Larger cache memories may be used that more appropriately fit the
performance needs of a particular microprocessor or computer
system. For example, a 48 KB cache memory organized as 48 ways of 1
KB each may be used in conjunction with one embodiment of the
invention. In this example, each cache entry traditionally stores
only one uop for a total capacity of 4800 uops, assuming a uop size
of 10B. However, when used in conjunction with at least one
embodiment of the invention, the cache memory may store twice the
number of uops in the same amount of storage space.
[0022] Typically, each cache memory entry is able to only store one
uop at a time. However, at least one embodiment of the invention
enables the storage of multiple uops within a single instruction to
be stored within a single cache entry. An instruction may be stored
within main memory as a complex instruction (instruction containing
more than one uop), such as in a complex instruction set computing
(CISC) architecture. When a complex instruction is read from main
memory and loaded into a cache memory, it may be decoded into
component uops. The decoding may be performed using prior art
techniques with complementary metal-oxide semiconductor (CMOS)
logic circuitry, by software executed by a microprocessor, or a
combination of hardware and software.
[0023] Uops typically do not vary in size, but the instruction to
which they correspond often do depending on the instruction and the
microarchitecture for which the uop was designed. For example, a
32-bit microprocessor may have instructions having 32 bits, whereas
other instructions within the same instruction set may have only 16
bits, two of which may be included within the same 32-bit
instruction.
[0024] Uops typically include fields, such as an opcode, register,
and immediate fields. The particular opcode(s), registers, and
immediates supported by a particular uop vary, depending on the
type of uop. Some instructions contain multiple uops, each
performing a part of a complex instruction.

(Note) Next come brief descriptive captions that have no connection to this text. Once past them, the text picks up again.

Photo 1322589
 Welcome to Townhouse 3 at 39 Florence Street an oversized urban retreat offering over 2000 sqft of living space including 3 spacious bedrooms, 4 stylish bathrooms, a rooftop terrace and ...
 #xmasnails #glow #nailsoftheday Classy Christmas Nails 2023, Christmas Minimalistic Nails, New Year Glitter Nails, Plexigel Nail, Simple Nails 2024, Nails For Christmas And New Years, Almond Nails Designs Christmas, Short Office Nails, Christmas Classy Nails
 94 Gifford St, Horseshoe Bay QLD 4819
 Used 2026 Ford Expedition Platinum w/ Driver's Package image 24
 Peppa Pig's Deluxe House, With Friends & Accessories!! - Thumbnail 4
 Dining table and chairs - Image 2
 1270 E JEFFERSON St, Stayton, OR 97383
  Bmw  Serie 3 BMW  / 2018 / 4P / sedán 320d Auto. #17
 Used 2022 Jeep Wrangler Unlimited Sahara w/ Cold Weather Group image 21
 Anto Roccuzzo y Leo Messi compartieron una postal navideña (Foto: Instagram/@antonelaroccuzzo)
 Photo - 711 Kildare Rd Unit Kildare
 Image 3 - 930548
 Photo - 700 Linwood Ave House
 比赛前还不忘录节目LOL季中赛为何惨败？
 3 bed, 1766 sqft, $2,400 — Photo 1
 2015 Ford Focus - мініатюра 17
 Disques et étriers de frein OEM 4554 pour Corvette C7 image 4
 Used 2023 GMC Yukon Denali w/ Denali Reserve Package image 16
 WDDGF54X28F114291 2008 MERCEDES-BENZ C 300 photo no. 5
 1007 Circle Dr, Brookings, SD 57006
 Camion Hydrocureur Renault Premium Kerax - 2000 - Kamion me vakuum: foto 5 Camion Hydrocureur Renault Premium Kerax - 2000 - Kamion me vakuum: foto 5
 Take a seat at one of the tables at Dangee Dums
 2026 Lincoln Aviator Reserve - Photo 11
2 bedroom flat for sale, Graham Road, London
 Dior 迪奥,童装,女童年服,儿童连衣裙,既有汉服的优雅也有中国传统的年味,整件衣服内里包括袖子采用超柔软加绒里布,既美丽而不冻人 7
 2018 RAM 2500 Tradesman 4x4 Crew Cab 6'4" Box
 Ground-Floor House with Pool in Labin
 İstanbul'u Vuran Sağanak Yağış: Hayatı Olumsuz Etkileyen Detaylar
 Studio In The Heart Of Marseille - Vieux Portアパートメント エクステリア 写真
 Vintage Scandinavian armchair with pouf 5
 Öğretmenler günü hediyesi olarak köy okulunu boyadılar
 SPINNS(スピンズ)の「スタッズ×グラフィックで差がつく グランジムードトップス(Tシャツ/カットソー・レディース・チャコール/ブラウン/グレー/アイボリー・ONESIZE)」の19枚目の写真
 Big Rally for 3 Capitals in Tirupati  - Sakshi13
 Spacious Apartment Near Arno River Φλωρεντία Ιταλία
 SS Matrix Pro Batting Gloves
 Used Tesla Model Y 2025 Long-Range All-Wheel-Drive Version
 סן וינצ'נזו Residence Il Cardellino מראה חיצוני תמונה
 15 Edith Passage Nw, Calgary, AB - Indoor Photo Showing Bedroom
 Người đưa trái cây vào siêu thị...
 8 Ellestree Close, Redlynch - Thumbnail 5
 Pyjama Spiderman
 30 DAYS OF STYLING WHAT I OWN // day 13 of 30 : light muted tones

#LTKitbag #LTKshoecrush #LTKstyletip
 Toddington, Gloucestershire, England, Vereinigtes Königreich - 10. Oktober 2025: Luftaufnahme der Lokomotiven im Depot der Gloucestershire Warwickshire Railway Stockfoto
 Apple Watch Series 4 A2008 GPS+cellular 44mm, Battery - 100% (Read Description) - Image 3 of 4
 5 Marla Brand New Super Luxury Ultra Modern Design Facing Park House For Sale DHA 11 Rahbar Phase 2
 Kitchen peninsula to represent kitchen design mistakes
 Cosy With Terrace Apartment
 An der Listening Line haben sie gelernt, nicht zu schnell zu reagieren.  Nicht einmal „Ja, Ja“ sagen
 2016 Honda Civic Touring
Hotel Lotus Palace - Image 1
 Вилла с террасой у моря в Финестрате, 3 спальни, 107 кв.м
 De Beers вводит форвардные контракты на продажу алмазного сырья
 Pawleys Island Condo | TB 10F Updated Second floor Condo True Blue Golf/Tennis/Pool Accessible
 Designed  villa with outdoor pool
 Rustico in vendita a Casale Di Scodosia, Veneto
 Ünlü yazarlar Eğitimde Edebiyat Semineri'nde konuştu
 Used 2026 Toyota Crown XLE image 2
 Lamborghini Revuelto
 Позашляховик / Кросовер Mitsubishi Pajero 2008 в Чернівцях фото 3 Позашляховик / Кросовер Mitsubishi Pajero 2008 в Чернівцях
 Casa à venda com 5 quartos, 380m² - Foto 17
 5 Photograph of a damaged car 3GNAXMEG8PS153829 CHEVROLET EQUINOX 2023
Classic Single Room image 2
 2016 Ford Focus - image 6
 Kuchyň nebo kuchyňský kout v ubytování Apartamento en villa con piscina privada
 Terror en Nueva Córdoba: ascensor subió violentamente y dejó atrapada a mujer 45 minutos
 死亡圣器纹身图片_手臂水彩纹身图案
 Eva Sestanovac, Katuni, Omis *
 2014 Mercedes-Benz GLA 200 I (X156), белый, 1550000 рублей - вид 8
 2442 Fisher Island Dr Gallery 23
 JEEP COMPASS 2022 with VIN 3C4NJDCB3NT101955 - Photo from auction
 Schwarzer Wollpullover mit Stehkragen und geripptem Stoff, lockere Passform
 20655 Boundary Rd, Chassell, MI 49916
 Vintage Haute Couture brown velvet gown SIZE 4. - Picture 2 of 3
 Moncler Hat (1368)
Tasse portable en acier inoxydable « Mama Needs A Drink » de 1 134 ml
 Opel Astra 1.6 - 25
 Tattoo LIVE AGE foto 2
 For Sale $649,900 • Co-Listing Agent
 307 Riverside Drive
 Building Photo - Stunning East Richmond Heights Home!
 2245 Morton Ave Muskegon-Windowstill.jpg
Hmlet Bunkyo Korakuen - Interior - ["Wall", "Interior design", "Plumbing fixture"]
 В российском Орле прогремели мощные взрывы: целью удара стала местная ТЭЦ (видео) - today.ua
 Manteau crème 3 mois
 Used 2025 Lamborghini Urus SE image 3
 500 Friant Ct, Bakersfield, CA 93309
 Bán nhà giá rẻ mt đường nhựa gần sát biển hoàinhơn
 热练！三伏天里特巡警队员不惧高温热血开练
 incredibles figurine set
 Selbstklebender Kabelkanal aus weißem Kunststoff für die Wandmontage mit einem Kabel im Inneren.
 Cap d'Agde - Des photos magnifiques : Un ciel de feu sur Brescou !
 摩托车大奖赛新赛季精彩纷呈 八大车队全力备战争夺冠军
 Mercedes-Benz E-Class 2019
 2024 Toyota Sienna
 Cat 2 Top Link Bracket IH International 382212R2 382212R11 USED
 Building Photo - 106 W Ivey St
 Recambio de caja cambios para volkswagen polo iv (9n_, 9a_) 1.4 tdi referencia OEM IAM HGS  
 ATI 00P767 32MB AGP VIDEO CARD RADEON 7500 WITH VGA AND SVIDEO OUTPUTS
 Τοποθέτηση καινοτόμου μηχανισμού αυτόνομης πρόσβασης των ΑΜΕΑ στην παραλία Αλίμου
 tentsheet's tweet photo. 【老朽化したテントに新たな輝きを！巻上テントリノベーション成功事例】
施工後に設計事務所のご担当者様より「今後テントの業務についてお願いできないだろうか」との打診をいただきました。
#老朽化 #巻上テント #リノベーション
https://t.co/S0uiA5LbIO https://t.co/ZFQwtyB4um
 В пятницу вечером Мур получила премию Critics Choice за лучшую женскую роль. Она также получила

[0025] For example, complex instructions that may be performed in
conjunction with one embodiment of the invention are a pop and
return instructions. In an instruction set, such as an Intel
Architecture 32-bit (IA-32) instruction set supplied by Intel
Corporation of Santa Clara, Calif., a pop instruction has a load
uop to load the value at the top of a stack and an arithmetic stack
pointer update uop to manipulate the stack pointer. Similarly, a
return instruction having a load and an arithmetic uop, in addition
to a jump uop. Traditionally, the load and arithmetic uops of the
pop and return instructions are stored in separate cache entries,
but in at least one embodiment of the invention they may be stored
within the same cache entry.
[0026] Another example of complex instructions that may be
performed in conjunction with one embodiment of the invention are
the push and call instructions. In an instruction set, such as an
IA-32 instruction set, the push instruction includes a store
address uop, which generates an address for indicating the top
entry of a stack; a store data uop, which provides data to be
pushed onto the stack; and an arithmetic uop to update a stack
pointer.
[0027] Similarly, the call instruction includes a store address
uop, a store data uop, and an arithmetic uop, in addition to a jump
uop. Traditionally, the store address uop, store data uop, and
arithmetic uop of the push and call instructions are stored in
separate cache entries, but in at least one embodiment of the
invention they may be stored within the same cache entry.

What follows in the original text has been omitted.